Friday, Jul. 28, 1967

American Troubadour

It could be, in the grace of God, that I shall live to be 89, as did Hokusai, and speaking my farewell to earthly scenes, I might paraphrase: "If God had let me live five years longer, I should have been a writer."

Carl Sandburg did not need the ex tra five years. When he died last week at 89 -- the same age as the early 19th century Japanese painter -- on his goat farm near Flat Rock, N.C., he was solidly established as a poet and historian.

Above all, he was a minstrel whose prose had the same resonating, twanging rhythms as his folk songs or his verse. Essentially, Carl Sandburg was an American troubadour.

"Family of Man." The nation he sang was the bustling, brawling Amer ica of his Midwestern youth, a land of laborers, slaughterhouses and prairies.

Along with its music and anecdotal flow, his verse had the Whitmanesque "barbaric yawp," as in "Chicago" ("Hog butcher of the world"). Sandburg could also lilt a form of American haiku:

The fog comes On little cat feet.

He loved yarns, slang and "the people of the earth, the family of man."

For Sandburg, the head of the family was Abraham Lincoln, who embodied the qualities that the poet so greatly admired, and in some measure possessed: honesty, wit, an unpretentious and even awkward eloquence. For 15 years, Sandburg labored on his monumental six-volume biography of Lincoln. He won a Pulitzer prize for the Lincoln books in 1940, another for his Collected Poems in 1951.

"Ear Wigglings." For all the popularity of his works, Sandburg never fared well in academe. Critic Edmund Wilson observed of the Lincoln biography: "There are moments when one is tempted to feel that the crudest thing that has happened to Lincoln since he was shot by Booth was to fall into the hands of Carl Sandburg." A kind of pseudo-folksy affectation came into some of Sandburg's work. Such criticism never troubled the poet. He was an old-fashioned storyteller, and when an interviewer once mentioned modern poetry, Sandburg snorted: "I say to hell with the new poetry. Sometimes I think it's a series of ear wigglings."
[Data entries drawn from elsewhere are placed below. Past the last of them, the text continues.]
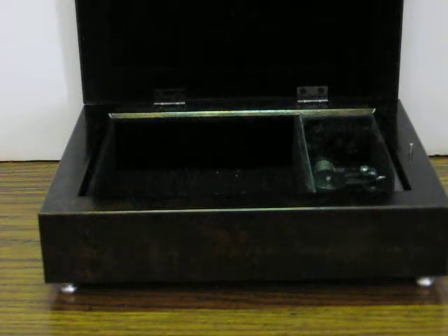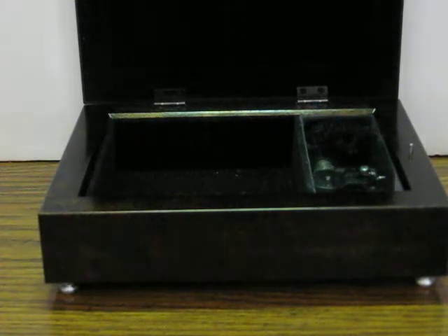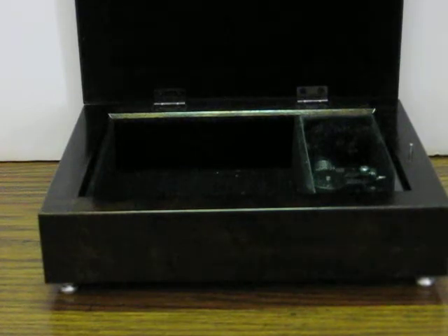This is a photo frame music box. And that's good enough.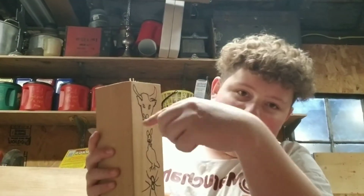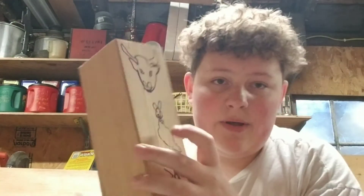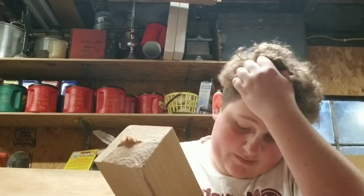I just sketched the owl out — didn't trace it or anything. Got the rabbit and the bird on there too, though the bird could be a little closer. Got all the animals on the wood now. Here comes the difficult part — actually cutting them out. I'll show you how I do one and then come back to show you the rest when they're done.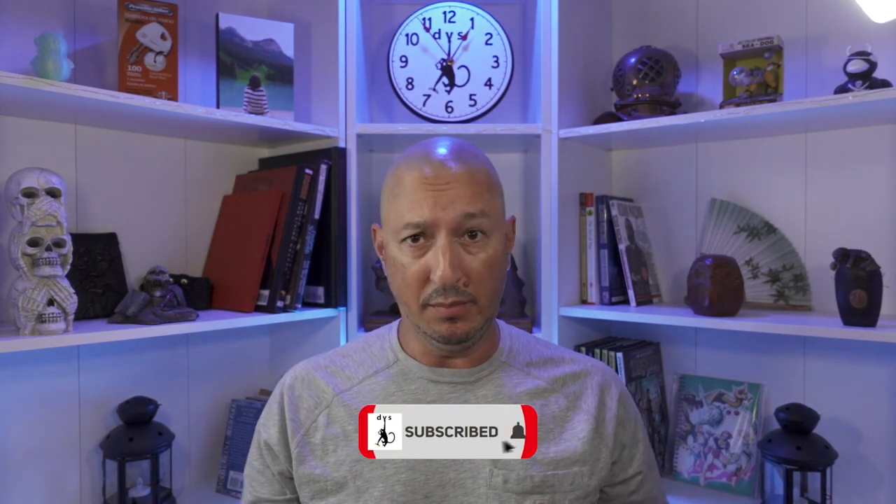Greetings all, it's the Devious Monkey here. Back in the studio now. I've been on the road all week, went to visit my mother-in-law, finally got back, was ready to go out and hit Pleasure House Point and do some birding, but torrential downpour and thunderstorms pretty much all day through the night. So that's out.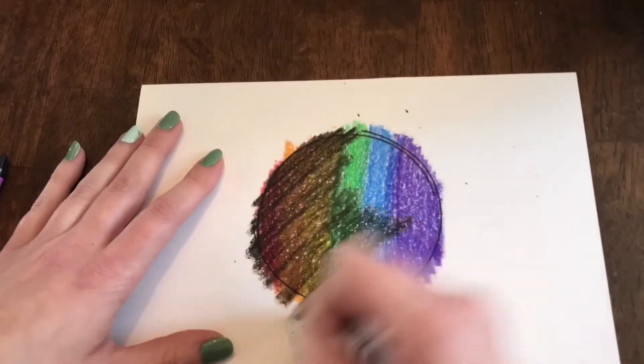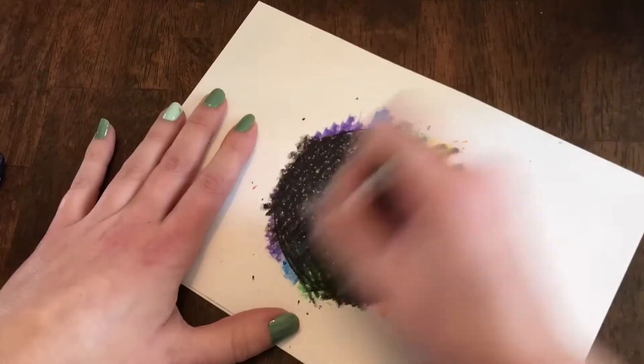Next, you will color very hard over your colored crayon with a black crayon.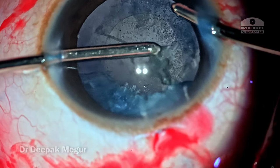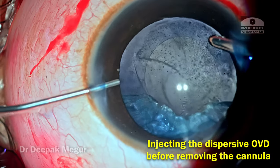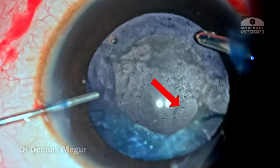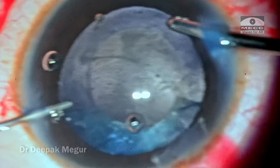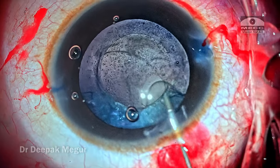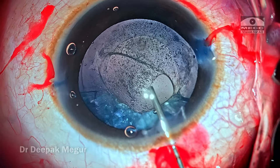Without removing the irrigation handpiece, I am injecting dispersive OVD from the side port. At this point I can clearly see a small ring appearing under the posterior capsular tear, suggesting this is the area where the anterior hyaloid is ruptured. As I push the OVD at this angle, the ruptured anterior hyaloid is very much visible.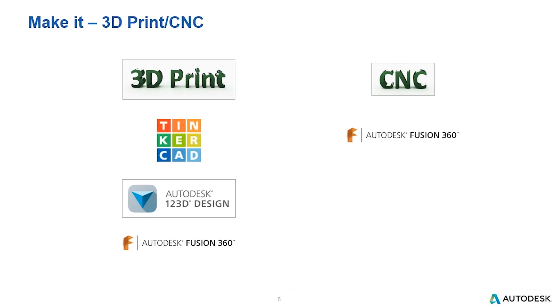Finally, it's important to remind you that all three of these products have the ability to 3D print. And Fusion has the ability to do both — 3D printing and create toolpaths for CNC.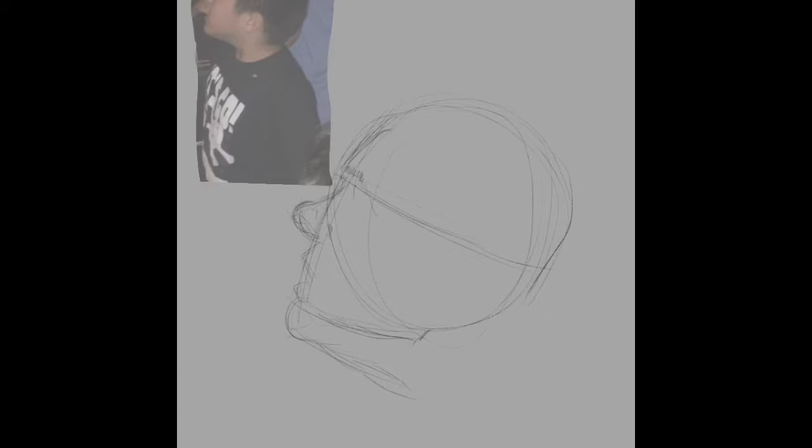What's up everyone, it's Nate Cruz back with a video. I know it's been a while but I haven't painted in a long time, so I got an iPad Pro and pencil, and yeah, got some projects finished up.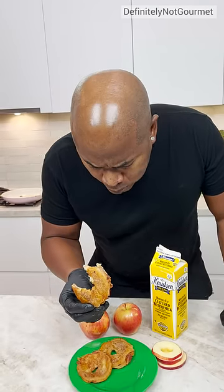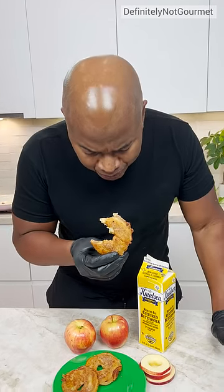Mmm, mmm, mmm. I like using apple pie. But it's onion ring style. Amen. This is glorious. Hallelujah. Okay, it's delicious.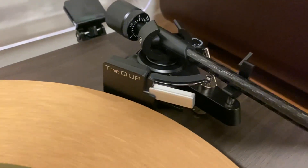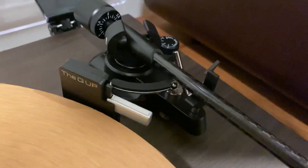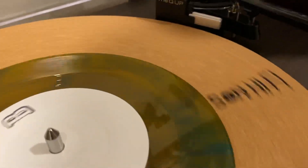All right, so check this out. I got this thing called the Q-Up. It's an automatic lift stop for your turntable if you don't have one. It just sticks on there with some double-sided tape, so let's try this out.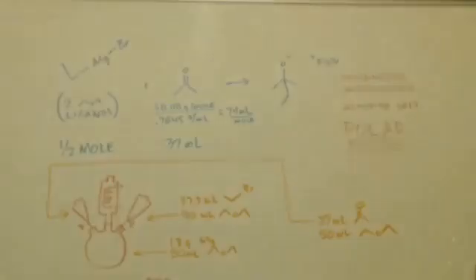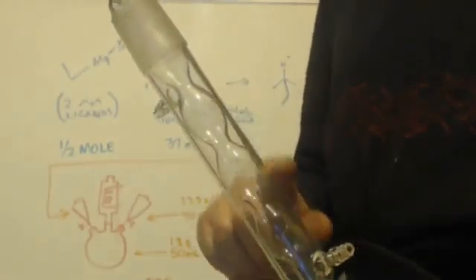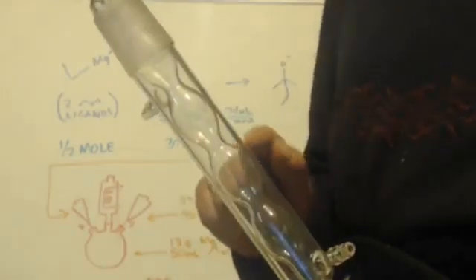Now, the water-cooled condensers — I'm not going over every example. There's cold fingers, there's hundreds of different types. Here's one example. See how there's little bulbs in there? That is an Allihn condenser. See the bulbs? That's how you know it's Allihn, because it has those little bulbs in it.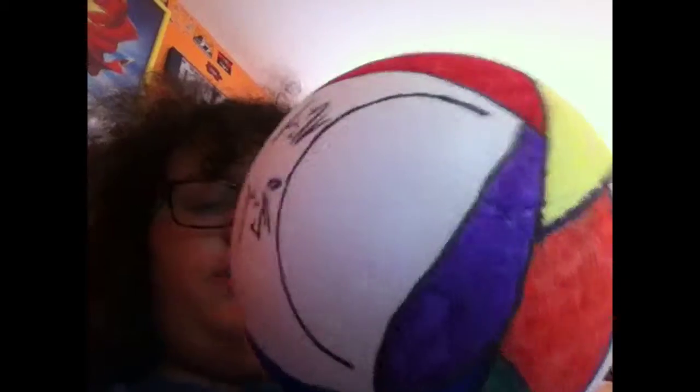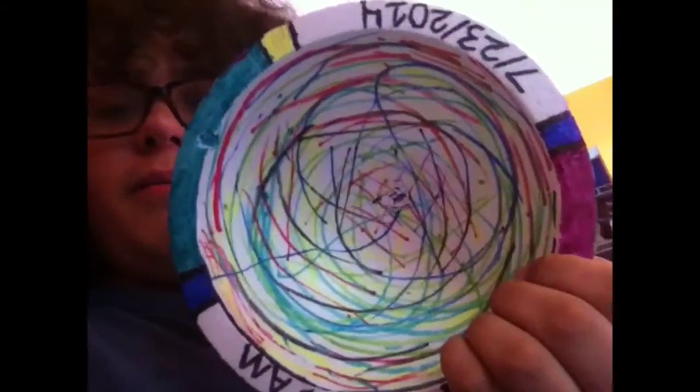Just don't put your chips in it, because that's probably not a good idea with all the marker.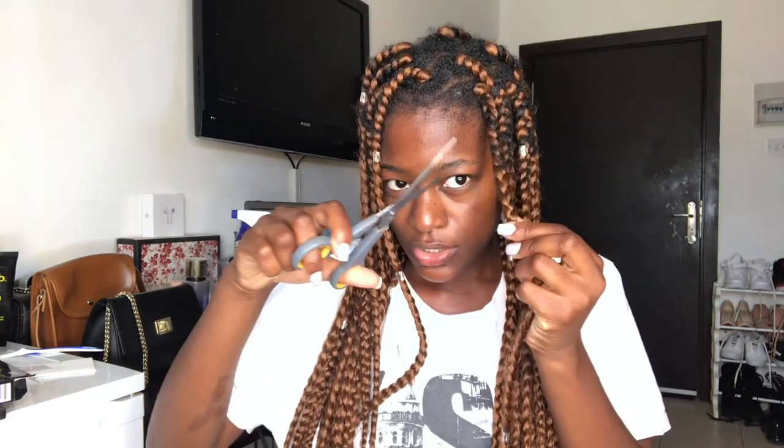What I like to do to make everything easy is to take a scissors and cut the braid close to where my hair stops, like this. Then I'm going to take my tail comb and put it in between the braids like this.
Sandburg grew up in Galesburg, Ill., where his Swedish father was a railroad worker. He quit school at 13, hopped a westbound freight at 17 to see the land he was to celebrate. Later Galesburg's Lombard College accepted him on the basis of a special qualifying examination. After studying there for nearly four years, he hoboed in the East, then became a newspaper reporter, a vocation he pursued on and off as a correspondent and columnist for Chicago dailies until 1945.

In 1914, Harriet Monroe's Poetry magazine published "Chicago," and Sandburg was recognized as a raw new

U.S. talent. His collection of Chicago Poems appeared in 1916, followed by Cornhuskers, Smoke and Steel and six other volumes. His talents were diverse, and almost inexhaustible. In 1927 he completed a labor of love, his American Songbag, a treasury of the nation's folk songs. His first novel, Remembrance Rock, was finished in 1948. At 74, he published Always the Young Strangers, a memoir of his boyhood. Always, however, his first love was verse and song. As a preface to 1928's Good Morning, America, Sandburg listed 38 tentative definitions of poetry. Among them: "Poetry is a sliver of the moon lost in the belly of a golden frog."